Oh, great question. Thank you for asking that. I think a lot of my passion came from my own personal experiences in the space. So, when games went online, it was the early 2000s. Xbox went live in 2002. And then in the lead up to that people were saying, "Oh, it's going to change the nature of gaming. You're going to be able to develop communities. It's going to be so great and so awesome," not realizing that they were really speaking to a particular demographic. And in my research, I call that the “default user.” The default user is, most of the time, a white masculine entity. So, they really had that person in mind when they thought about how amazing this experience online was going to be. Because when I went into the space and people like me went into the space, the space was immediately violent. It was me immediately racialized, immediately gendered. And we were instantly told that we weren't welcome in the space. I was also told to go back to the kitchen and to do any number of gendered activities, sexualized activities even. And those experiences were immediate in the space.

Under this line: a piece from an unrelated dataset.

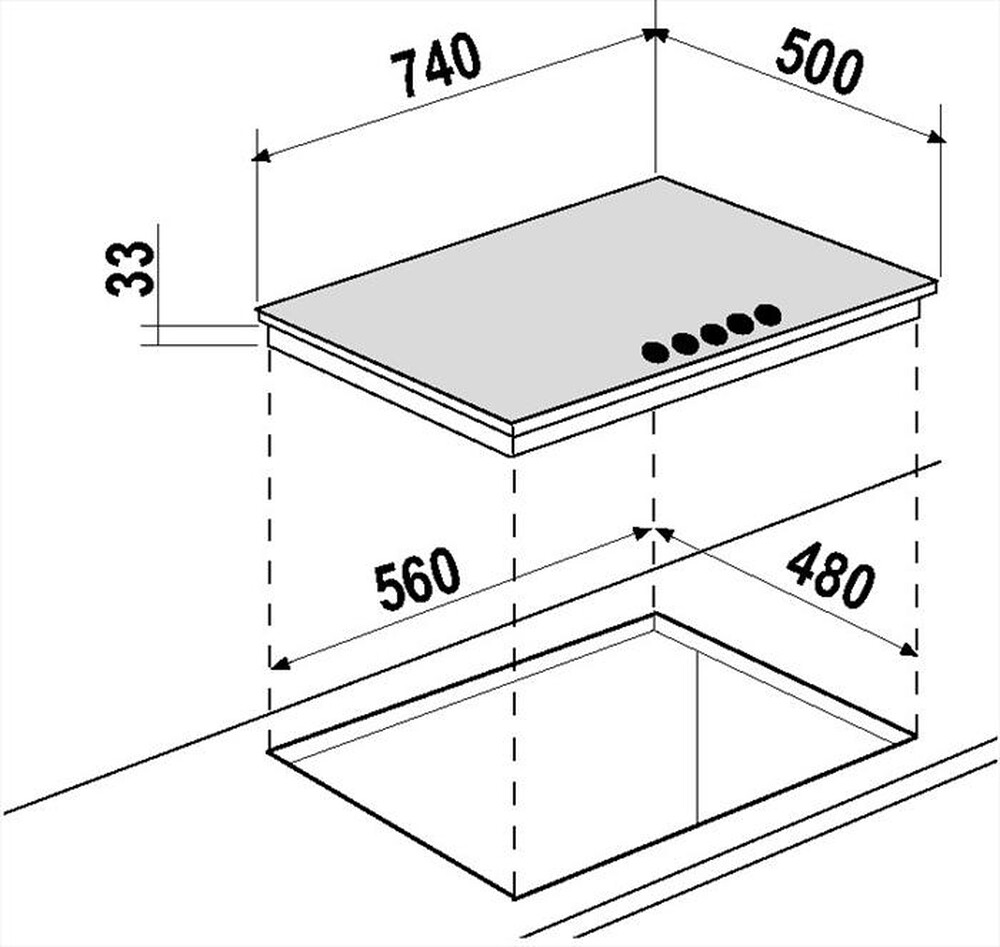 Immagine del prodotto SCHOCK - Piano cottura a gas STS855IX 5 fuochi 74cm-Inox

In your work you use the phrase “hegemonic framework” of gaming to describe how social structures act in gaming communities. How do social frameworks of race and gender translate into online spaces?
Look at the work of Anna Everett. She talks about the coding schema or the command schema of these computers is still rooted in the master slave narrative. It's still there. If you go behind the command screen, there’s the master controls and the slave. So she theorized that even at the core of it, there was manufactured domination and subordination. And you can't ignore the racialization of that master/slave language. It immediately makes you think about the racialization inherent in our Western societies and slave economies, and also these colonial narratives as well. Because then we started talking about the internet as this ‘digital frontier’. Narratives are just being transplanted from slavery and settler colonialism. As much as people want to say digital technology is neutral, these narratives are still being transplanted onto our realities in significant ways.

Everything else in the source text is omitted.